No, I did not. Moreover rtorrent (feature-bind) does not download from some private trackers.
UPDATE: updating to the new build of curl on archlinuxarm seems to have fixed the issue (https tracker timeouts)
https://git.archlinux.org/svntogit/packages.git/commit/trunk?h=packages/curl&id=bae58314ffe16b0642811fdb0187a9b8eba8d362
I also started encountering this recently on a Debian testing amd64 box. I don't know if it coincided with an update to libcurl, but I know it coincided with an update from kernel 4.11 to 4.12.

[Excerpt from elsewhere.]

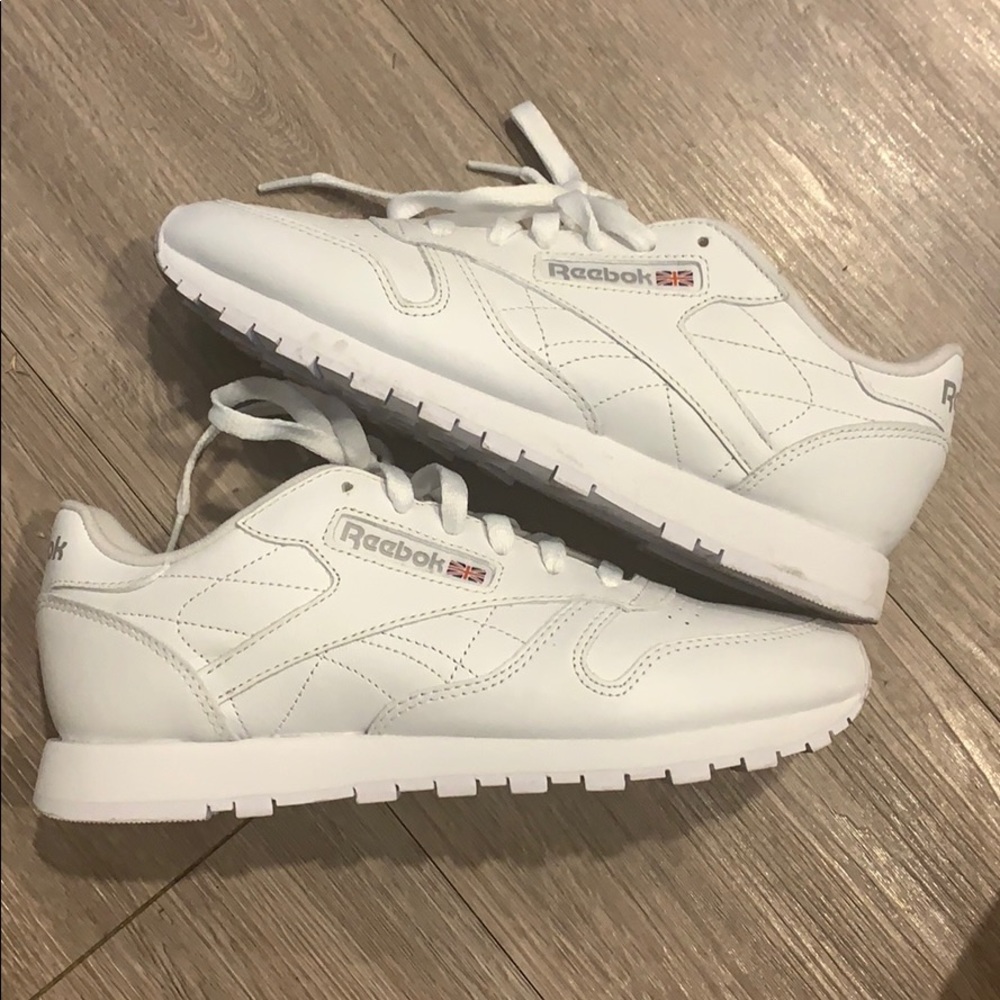 Reebok original classics size 7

Checking strace on rtorrent, during times of spiked CPU use, the system is pounded with epoll_wait(... {EPOLLOUT, ...}, ...)
calls; the return value (number of available fds) seems to always equal the number of fds in the struct epoll_events* events
, which appears to correspond to the number of 'handshake' sockets shown in the UI ([S 7/34/768]). (There have been a few occasions where handshakes is zero, and CPU use also drops.)
I'm not a kernel hacker, but I'm slightly suspicious of work on epoll that went into 4.12, like epoll: Add busy poll support to epoll with socket fds.
Edit: I should also note that the epoll_wait(...)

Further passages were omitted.